During the week we spend a lot of time waiting for things. Particularly at this time of year people who commute know the utter frustration of delays and cancellation to our transport often due to adverse weather, whilst those who drive cars find a new spiritual challenge to the virtue of patience in long queues caused by road works, accidents or the sheer volume of traffic. But there are many different types of waiting and not of all of them are negatively stressful, there’s the anticipation of something exciting or good, such as a new baby, holiday, birthday or anniversary, of journeys to meet people we love or waiting for them to come to us.

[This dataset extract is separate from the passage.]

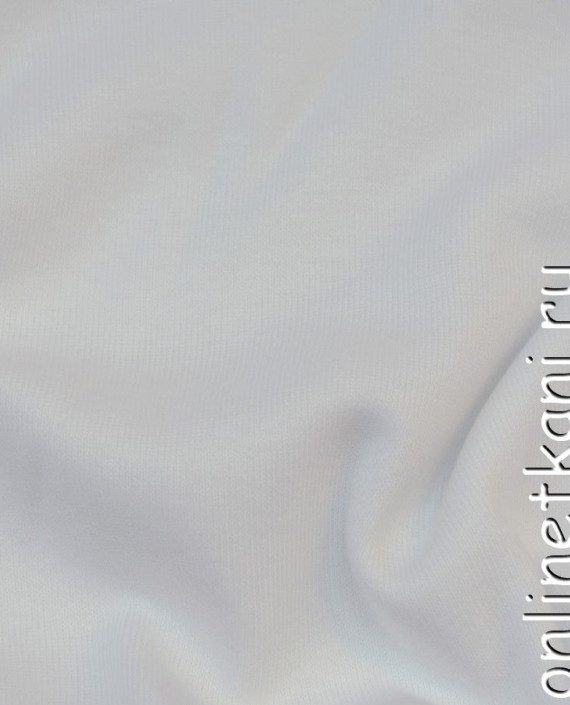 Ткань Трикотаж Чулок 0258 цвет белый картинка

Anticipation of these things makes waiting a different experience that keeps us alert to the future and gives us some meaning and joy especially the hope of things to come and the possibility of change that is good.

We are back into the liturgical season of Advent, which if full of scriptural and textual images that show us the waiting and hoping of countless numbers of people, of Israel, of our forefathers and mothers in the faith and in the anticipation of the great unknown cloud of witnesses throughout the ages, that God will come to us in person, that as Lady Julian of Norwich put it so succinctly, ‘All shall be well, and all shall be well and all manner of thing shall be well ’. That’s the perennial hope of faithful Christians, somehow in the plan of salvation, the unfolding of God’s relationship with us through history and all creation there is an end to our waiting, to all the negativity of life and a coming home to love and joy.

This first Sunday of Advent gives us that scriptural focus of hope, waiting and anticipation of something fantastic , it gives us glimpses of God dancing through history calling us to see the Spirit at work in gifts and events, it sharpens our minds by letting Paul tell us that we wait in what we call ‘joyful hope for the coming of our saviour Jesus Christ’ and not to be afraid of waiting. Not for us the tendency to become apocalyptic when we see strange things, when wars and weather cause such damage, when hurts and conflicts oppress others, not for us the images of wrath, the dies irae, instead we are called to lift up our heads and live our Christian lives in the expectation of Christ calling us together on a day, not of wrath, but of salvation.

Fr Robin Gibbons is an Eastern Rite Chaplain for the Melkite Greek Catholics in Britain.